An AI agent is deterministic software that harnesses the non-deterministic output of a model in pursuit of a goal. The model supplies intelligence; the agent is the machine that puts that intelligence to work, deciding what to call, running tools, and looping until the objective is met. If the Industrial Revolution was about harnessing energy with machines, this era is about harnessing intelligence with agents.
What is the difference between an agent and a harness?
For most purposes there is none worth arguing about. A harness is the deterministic code that wraps a non-deterministic model, and that is exactly what an agent is too. You can make clever cases for why one word fits better in a given situation, but in day to day use you can treat "agent" and "harness" as the same thing: software that drives a model toward a result.
The reason the definition feels slippery is that the industry never agreed on one. Most people can name an example, such as a coding assistant, but cannot state a definition. Naming the parts, a model plus deterministic software plus an objective, makes the idea concrete.
Why do companies build their own agents?
AI is already everywhere, from big chat products down to open models on obscure websites, yet a local real estate office, independent insurance brokers, and large enterprises are all building custom agents. The motive is integration. A business wants its own data and workflows wired into a model, because it believes, usually correctly, that using AI well produces real gains. A custom agent is one of the first ways teams discover to get that integration done.

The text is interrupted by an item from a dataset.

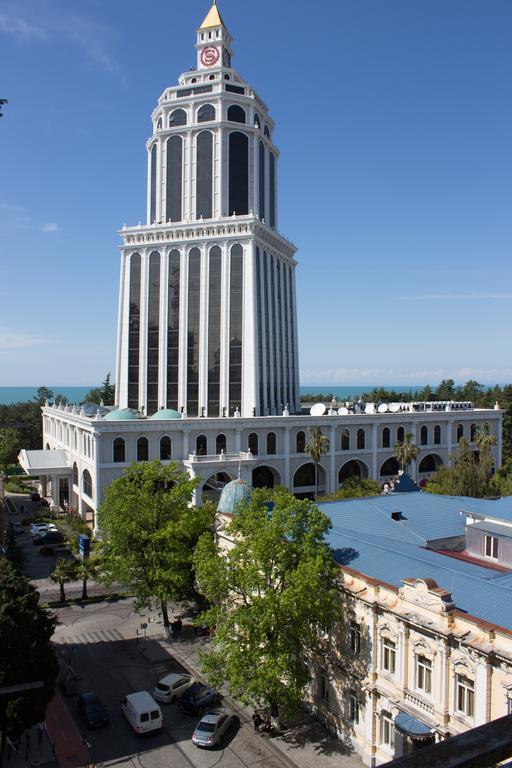 Apartment Archil Batumi Esterno foto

Why are AI agents hard to build?
Most custom agents work as a demo and go no further. Building a robust one runs into a familiar set of problems:
- Loop orchestration. The cycle of calling the model, running tools, and feeding results back has to be controlled carefully or it drifts off course.
- Provider abstractions. Supporting several model providers cleanly takes real work.
- Durable execution. When a run faults partway, the agent should resume rather than lose everything.
- Validation and stop conditions. Without solid checks and stopping rules, the loop misbehaves or never ends.
- Observability. Seeing exactly what is sent on every step of every turn, so you can diagnose and tune, is very hard at scale.
- Portability. A working agent tends to run on the builder's machine only. Environment variables, system requirements, and runtimes make it likely to break elsewhere.
- Composability. Even a good agent is hard to reuse for a second purpose or hand to a teammate.
There is, as of mid-2026, no single agreed way to build an agent, so teams keep reinventing the approach. This is closely related to scaling AI development, where the same discipline that tames large-codebase work also tames an agent's runtime.
What is MCP, and why are tools not enough?
When custom agents prove too hard, many teams fall back to the Model Context Protocol (MCP). MCP is a way to feed an organization's data and tools into a large general-purpose agent. In practice it has become a tool distribution mechanism: across MCP clients, tool support is the part that is broadly implemented, while the protocol's other promised value is less proven.
Tools matter, but they are not the whole answer. You do not finish a moon-shot-sized project by handing one person a large pile of tools. Getting effects into an agent solves one slice of integration and leaves the harder parts open.
What are skills?
A skill is essentially a markdown file that acts as documentation for the agent. Skills are genuinely useful for complex procedures, and people install them freely. But documentation is a helper, not the core mechanism, and there is a catch: adding many skills can make an agent noticeably worse. That is the same context ceiling that makes clean code for AI agents and tight context management matter. Beyond a point, more context lowers quality no matter how large the window is advertised to be.
Why is an agent mostly context?
Stack up what an agent is made of at runtime, from the bottom: a model, a system prompt that sets its role, tools it can act with, skills layered on top, MCP layered above that, and finally the running messages. Almost everything above the model ends up in the agent's context. So there are really only two surfaces to improve: the context and the model. Every new protocol, including skills and MCP, is an advance in one of those two areas.
Naming the stack this way exposes a limit. Adding skills and MCP servers to a single agent is inheritance: you keep bolting attributes onto one object so it can do more. Inheritance works, which is why these ecosystems thrive. But five skills behave well, one thousand do not, because more context brings diminishing returns. The old engineering maxim, composition over inheritance, points at the alternative: compose smaller reusable pieces rather than inflate one monolithic agent. Designing products around that idea is the subject of agent-native architecture. For the wider picture, see the Learn AI section.
FAQ
What is an AI agent in one sentence?
It is deterministic software that harnesses a model's non-deterministic output in pursuit of a desired objective, deciding what to do and looping with tools until the goal is met.
Is an agent the same as a harness?
For practical purposes, yes. Both describe deterministic code wrapping a non-deterministic model. The distinction rarely changes how you build or reason about the system.
Why do custom AI agents usually fail past the demo stage?
Because robustness demands loop orchestration, durable execution, observability, validation, portability, and reuse, and there is no standard way to get all of them right. Many agents run only on their builder's machine.
What is the difference between MCP and skills?
MCP mainly distributes tools into an agent. Skills are markdown documentation that guide the agent. Both add to the agent's context, and both hit a ceiling where adding more starts to hurt.